Edmonton’s pediatric hospital was so overwhelmed with patients and short on staff last month that it cancelled and delayed surgeries for sick and injured children, according to a letter senior physicians sent to Alberta Premier Danielle Smith and provincial Health Minister Adriana LaGrange.
The three-page letter, dated Dec. 25 and recently obtained by The Globe and Mail, describes the chaos that enveloped the Stollery Children’s Hospital in the days before Christmas. It says the Stollery, located at the University of Alberta Hospital, was beset by viral and bacterial infections and was in the midst of an extreme shortage of beds.
“We as physicians are being put into the impossible position every single morning to decide which child will receive surgery for their brain tumour, heart disease, bowel obstruction, or chemotherapy,” wrote Natalie Anton, the hospital’s divisional director of pediatric critical care, and Peter Metcalfe, its divisional director for pediatric surgery. “Several children each week are having their treatment or surgery cancelled with no guarantee of urgent re-scheduling,” they added.
“After the events of last week, we can tell you that we are failing, daily, and children are suffering and may die as a result.”
The letter provides insight into the troubles plaguing Alberta’s health care system, which like those in other provinces is buckling under outbreaks of COVID-19, influenza and respiratory syncytial virus, as well as a chronic shortage of physicians, nurses and other professionals. Earlier this month, Alberta informed patients that it was temporarily pulling its northern residents out of Canada’s kidney donor matching program because the province lacks operating-room capacity and has a backlog of transplant surgeries.
Alberta Health Services spokesperson Kerry Williamson said in a statement that the Stollery had rescheduled “approximately 11″ pediatric surgeries in December because it was under significant pressure. In preparation for the season’s wave of respiratory illnesses, the hospital had added 11 surge unit beds, expanded its short-stay surgical unit’s hours to include weekends and added and rescheduled staff, he said.
“Every effort was made to reschedule those impacted patients as quickly as possible – they were triaged the same day, and rebooked – and all emergency surgeries were completed in an appropriate timeframe,” Mr.
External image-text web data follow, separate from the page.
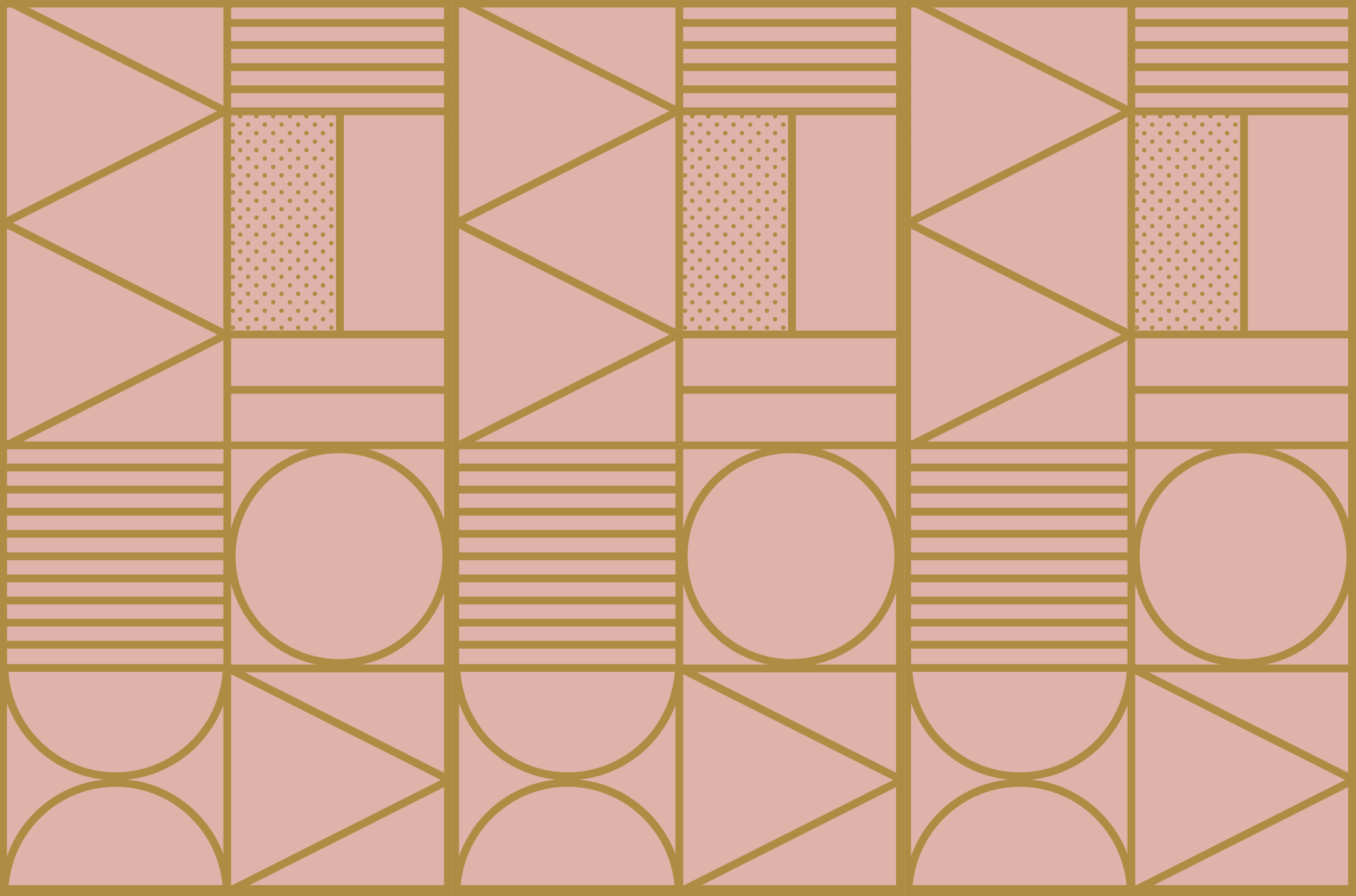 Geometriske vinyl tæppe i guld og pink farver - TenStickers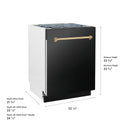 ZLINE Autograph Edition 24 in. Tallac Series 3rd Rack Top Control Built-In Tall Tub Dishwasher in Black Stainless Steel with Champagne Bronze Handle, 51dBa (DWVZ-BS-24-CB)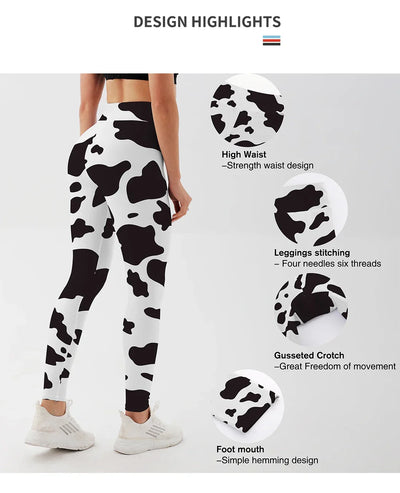 Yoga Pants Women Cow Black Leggings For Fitness High Waist Gym Legging Push Up Workout Fitness Women Printed Leggings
Williamson said. “While the hospital remains very busy, patient demand has decreased slightly.” Surgeries have not been affected by capacity problems in January, he added.
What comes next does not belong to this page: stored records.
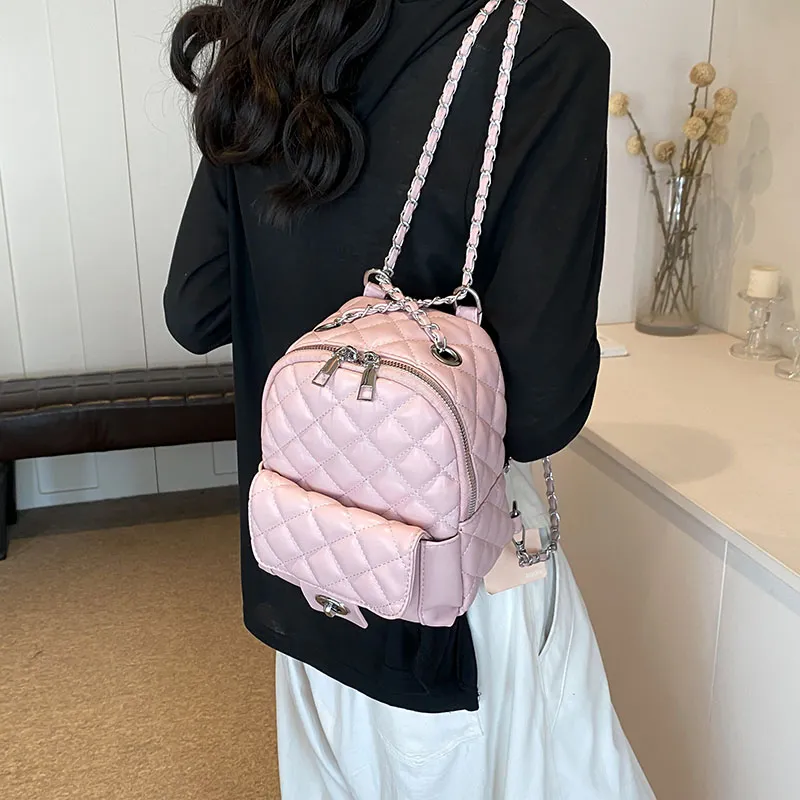 PINK·LAND PU Backpack Regular Women's Silver/White/Pink/Blue/Black-5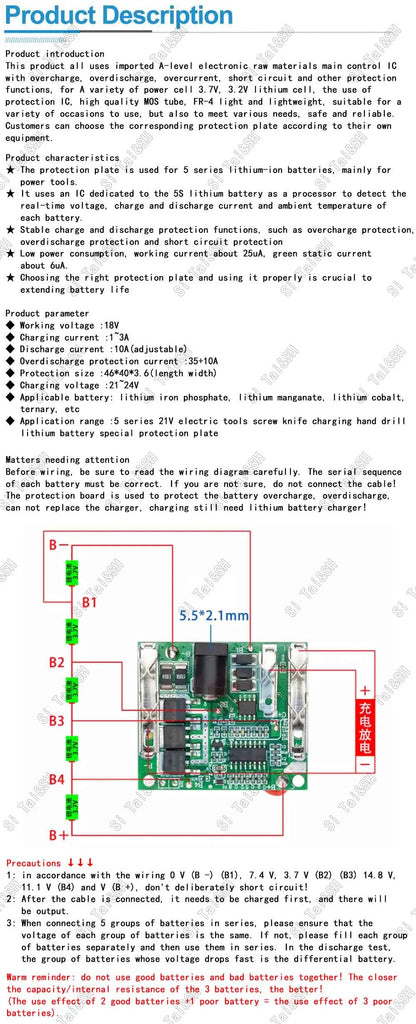Battery Charging Protection Board BMS Module 5S 18V–21V 20A for Li-Ion Power Tool Packs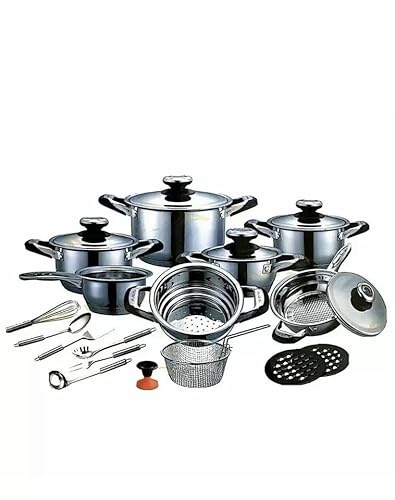 A.M.C. Kochgeschirr-Set, 23-teilig, aus Edelstahl, Induktion, Antihaftbeschichtung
In response to questions about the letter and the pressures facing the hospital, Ms. LaGrange said in a statement that last year’s provincial budget earmarked $1-million a year for three years to advance planning for a stand-alone pediatric hospital in Edmonton.
Dr. Metcalfe said in an e-mail on Tuesday that the December letter was intended for Ms. Smith and Ms. LaGrange, rather than media, and that the physicians would not comment further.
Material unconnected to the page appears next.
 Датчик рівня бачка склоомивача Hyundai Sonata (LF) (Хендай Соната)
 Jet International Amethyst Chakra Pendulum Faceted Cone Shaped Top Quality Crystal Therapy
The letter details the surgical havoc inside the hospital on Dec. 20. The Stollery had about 15 emergency surgeries that needed to be performed that day, including several that had been rolled over from the previous day because staff did not have the necessary resources for them, the letter says.
The rollover list included a girl with a broken elbow who had been waiting for surgery for nearly four days. Her operation, which the letter says ideally would have taken place within 24 hours, had been cancelled three times, all while she was fasting and in pain. Another girl was waiting to receive an intravenous access device so she could start chemotherapy treatments, the letter adds.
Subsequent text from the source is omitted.